[Supplied material — start]

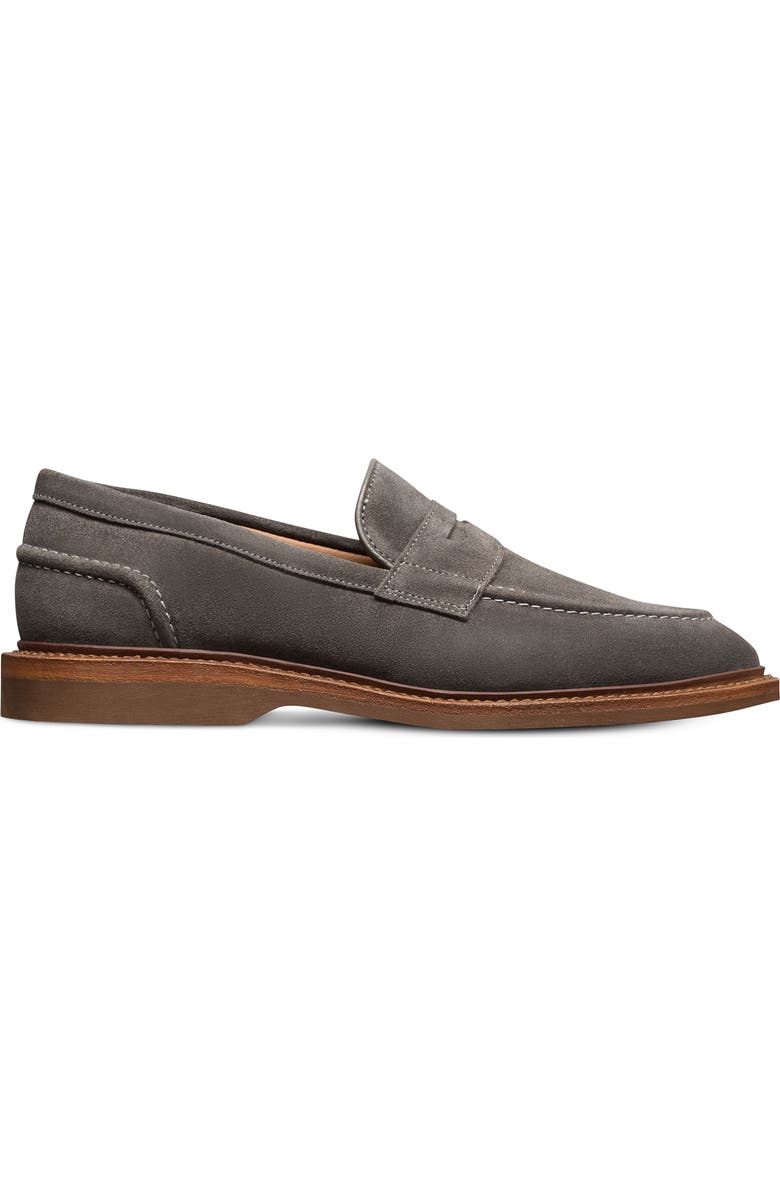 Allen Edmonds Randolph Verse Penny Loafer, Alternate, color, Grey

[Supplied material — finish]
[Supplied material — start]

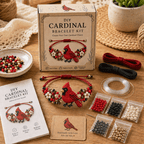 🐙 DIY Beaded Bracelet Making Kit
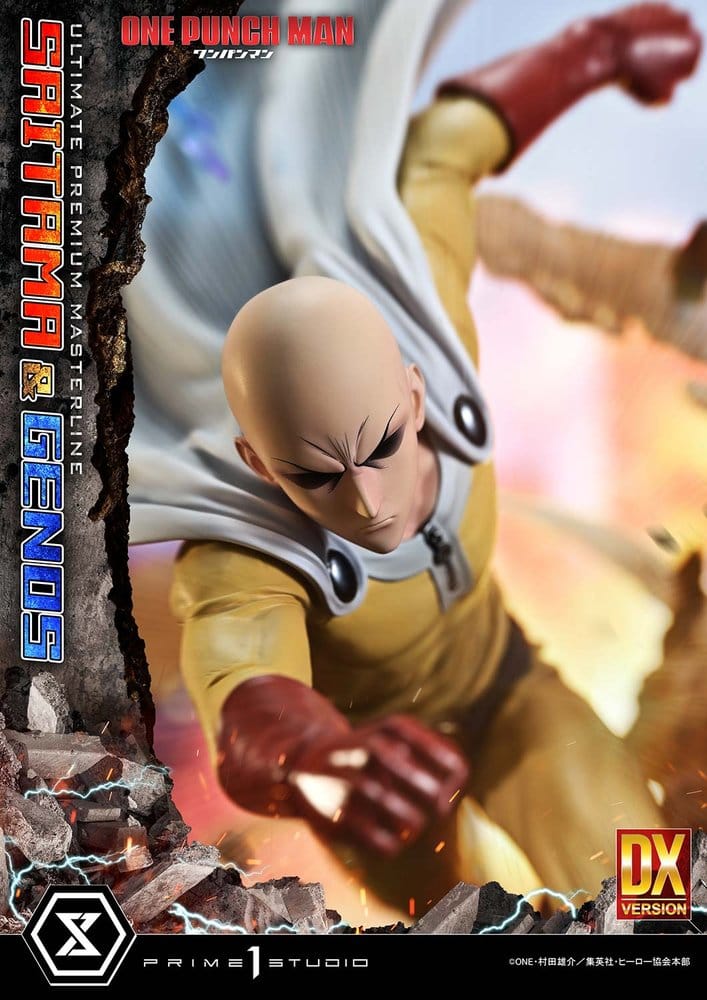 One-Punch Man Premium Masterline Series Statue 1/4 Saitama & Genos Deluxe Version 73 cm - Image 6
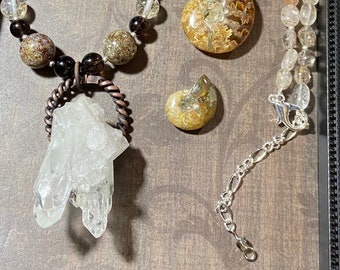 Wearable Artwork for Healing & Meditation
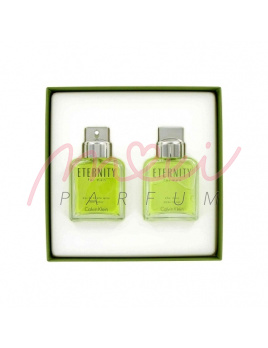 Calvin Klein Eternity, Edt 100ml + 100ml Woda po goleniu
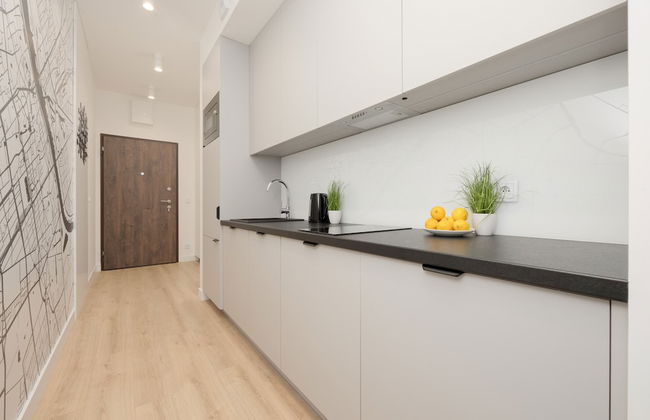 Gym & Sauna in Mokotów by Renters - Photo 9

[Supplied material — finish]

● Activity: Would you output the lines above from the line holding "Bracelet Making Kit" up to and including the line holding "Gym & Sauna in Mokotów by Renters - Photo 9", exactly and only those, with no pictures?

● Result of this exercise:
 🐙 DIY Beaded Bracelet Making Kit
 One-Punch Man Premium Masterline Series Statue 1/4 Saitama & Genos Deluxe Version 73 cm - Image 6
 Wearable Artwork for Healing & Meditation
 Calvin Klein Eternity, Edt 100ml + 100ml Woda po goleniu
 Gym & Sauna in Mokotów by Renters - Photo 9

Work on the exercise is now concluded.